Hoh, hoh…. they say he’s got to go go go BondZilla!
But Ben, you said this wouldn’t happen! You said you had it all under control. That rates on the long end would go down, not up….
Never mind that there was never a bit of evidence you were doing anything other than either lying or “wishcasting” – pick one.
Why? Because the last time Bernanke did “QE”, the so-called “QE1” (now), bond rates actually went up, not down, and now it’s happening again.
Why not? Because there is no exit plan, Bernanke knows it, he’s lying, and the market has figured it out.
Here’s the problem in the main. Bernanke’s only tool to “tighten” monetary policy means selling bonds into the market and taking in cash from the system.
But what happens if he holds bonds that have all gone down in value? He gets screwed, that’s what. In an extreme case The Fed could go “bankrupt.” Bernanke will avoid this, of course, and he can – but only by not soaking up that liquidity – that is, allowing the cash he printed to remain in the system while the rotting bonds he bought are “absorbed” by The Fed.
The market knows this. It also knows that the duration of his holdings has gone up a lot and that he cannot pull enough liquidity via short-term roll-off to matter – that is, despite his claim of being “100% confident” he cannot tighten policy – not now and not for many years.

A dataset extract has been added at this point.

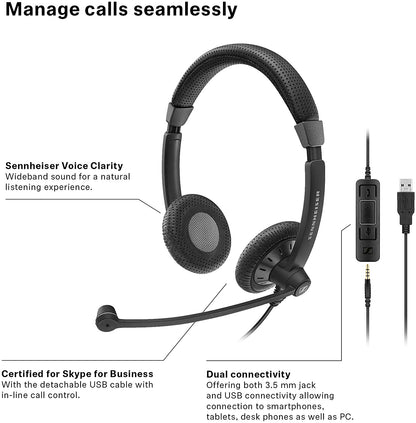 Sennheiser SC 75 USB MS (507086) - Double-Sided Business Headset | For Skype for Business, with Mobile Phone, Tablet, Softphone, and PC | HD Sound & Noise-Cancelling Microphone (Black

The market thus sees risk – that if the economy improves you get inflation, and lots of it, as Bernanke can’t do anything about it. If the economy doesn’t improve then the only way for the government to continue spending like crazy, which it clearly is going to do, is to continue to devalue the currency, which means interest rates go up too as commodities will continue to skyrocket (priced in dollars) and this will destroy the tax base upon which government funding rests from the bottom up.
I talk a lot about the tax base, which is best-represented as the labor participation rate. It sucks, it is not improving, and it cannot improve so long as commodity prices continue to ramp and the currency devaluation continues:
This was the prime error made during The Depression. Contrary to Bernanke’s claims of being “a student” of The Depression he’s really the Fool-in-Chief of that time. FDR’s devaluation of the currency trashed the tax base and guaranteed sky-high unemployment for the same reason it’s happening now – devaluation of the currency destroys the finances of the middle class and below as their spending on essential commodities (food, fuel, clothing) is not only more-or-less fixed in volume (which means their cost to those people ramps as price rises) but as a percentage of income this expenditure is much higher than it is for upper-income earners.
That in turn suppresses entry-level and lower-wage jobs, which holds down the labor participation rate. And it is that labor participation rate that drives the ability of government to collect taxes – you can only tax someone who has income, and only people pay taxes – all attempts to tax any other entity, such as corporations, are simply passed through to people.
It is not a coincidence that after stabilizing this chart took a major second leg down when Bernanke initiated QE1 – April of 2009. It is also not a coincidence that it began to recover when QE1 ended around the beginning of 2010 nor that when Bernanke started to threaten QE2, in the summer of 2010, that it weakened again and continues to weaken.
This is the precise dynamic that played out in the 1930s and Bernanke is causing it, not reacting to it.
Yesterday afternoon Obama made reference to Mitch McConnell and he “not being willing to threaten the sovereign credit of the United States.”
Mr. President, you, in re-nominating Bernanke and not putting a stop to both the outrageous deficit spending and allowing Bernanke to back himself into this corner without removing him, have destroyed the sovereign credit of the United States.
You may not recognize it yet, and neither has the market in the main, but I assure you that recognition will come, and precisely where the “tipping point” happens to be where you no longer have any meaningful degree of control over the situation is not determinable in advance.
And before you start spouting off about how smart you and Bernanke are, remember that neither Iceland, Greece or Ireland knew where that tipping point was in advance either.